The basic premise of the franchise is that death, or Death if you prefer, literally stalk survivors of massive disaster scenerios that were not supposed to survive in the first place. Essentially, the series has a fatalistic tone, where everything one does to cheat death ends in nothing, as death will eventually claim you. I think part of the joke is that everyone will die anyway, because that is what we all share. So it makes you wonder...are the people in these movies trying to avoid simply a vicious and bloody death...or dodge death all together? That's one question that has not be brought up, although one positive thing in the latest film is explored...taking your own life. But, getting ahead of myself.
This film brings in the 3-D option that has become all the bells and whistles of late, started with My Bloody Valentine 3-D, a rousing good show that is a remake about a killer miner terrorizing a town(and a hot blond chick that was naked for 5 minutes!!! Definately MY cup of tea). In this film, while there are a rare good 3-D money-shot scattered here and there(like a man tripping on wooden bleaches and inpaled through the mouth by an upright-broken bleacher), i don't think it was used to its full advantage. Hell, i found the whole movie to be really lacking in the gore department...and I'm not even a gore hound! I'm not kidding, my imagination had more vicious and horrific scenerios than what I had seen in that flick.
Anyway, the film is about a young man named Nick O' Bannon(either a porn star or a pulp adventurer's name, lol), played by Bobby Campo, who attends a car race with some friends. The invisible, formless personfication of Death does its Rube Goldberg-thing, and soon, a horrific car crash happens... metal pieces slicing through folks like knives through sticks of butter, flaming tires turning people into paste, motors smacking folks through the head...the works. But, in the Final Destination tradition, it turns out to be a premonition. Nick, frightened by this foresight, Rube-Goldberg-style also, causes a disruption that has his friends and several others taken out of the stadium by a guard(George Lanter), only to have the terrible accident happen moments after they leave. A single tire slices through the air to take the head off of one of the girls...and the movie is off from the starting line.
The best part of this movie was the opening credits. They basically display various deaths of characters from the first three installments, in a diagram and skeleton form. After that, we have Nick, his girlfriend Lori Milligan(Shantel VanSanten), and his friends slowing trying to find out what is going on, as survivors of the accident are being killed. Just like in the other films, Nick receives premonitions, as symbols(like a door, a wooden cross, a truck crane, and sparks), that give him Sherlock Holmes-clues to how the other survivors will die. And just like other films, death(Death, "Death"?) hunts them down, dispatching survivors in ghastly, and often-times, funny ways.

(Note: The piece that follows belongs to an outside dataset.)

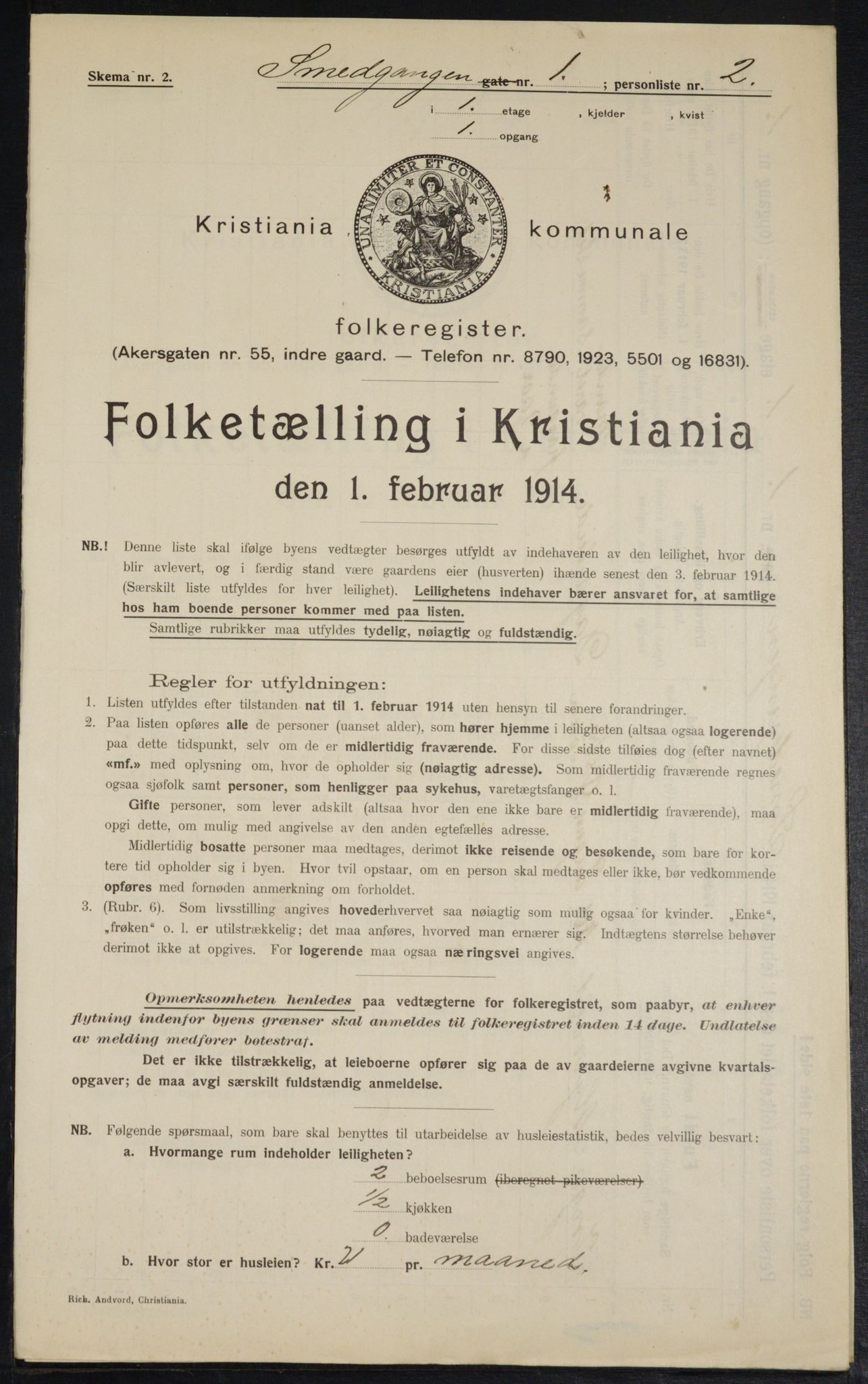 OBA, Kommunal folketelling 1.2.1914 for Kristiania, 1914, s. 96956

And that's the problem with this film.
Nothing new is really brought to the table, and nothing is expounded on. Correction. One thing, and only one thing is new, and this is a SPOILER: The guard tries to hang himself, but he does not die. Is "Death" egotistical as well? This is never elaborated on. Nothing, in the FOURTH film of this FRANCHISE is expanded on. We never learn why humans receive these visions, or why death won't let a human take his or her own life. We never learn how long, in human history, this has been going on. There is also no elaboration on why the number 180(introduced in the first film) is so important in reference to death. Unlike the first two films, where the story is cultured and expanded on(such as the death "cheaters" of the first film's influence on the second film's survivors, truly cheating death through life in the second film), this film, as well as its predecessor, focuses on the elaborate death scenerios as opposed to continuing any story arc.
And even the deaths seem more cartoony than vicious, ghastly, and mind-numbing. I still hold Final Destination 2's car-pile-up as one of the most horrific scenes in horror film history. Compared to that, this film's car-race disaster was very tame. Hell, I say part 2 was the most brutal and bloody of the series thus far...while this latest offering seems to suffer from having slasher movie deaths that were too usual. It also doesn't help that many of the characters are cliched...the arrogant egotist pretty boy, the heroic Caucasian male main character, his virtous girlfriend, the token minority...again, nothing new or diffrent.
In the end, I give this film a C+. I give it this because, while the deaths made me chuckle a little(don't cut your eyes at me! It is a slasher film, after all), the lack of any story elaboration or progression, or expansion on the general concept takes it down a big peg. According to Wikipedia, this is supposely the last in the series; let's hope any subsequent revival expands on this truly unique concept.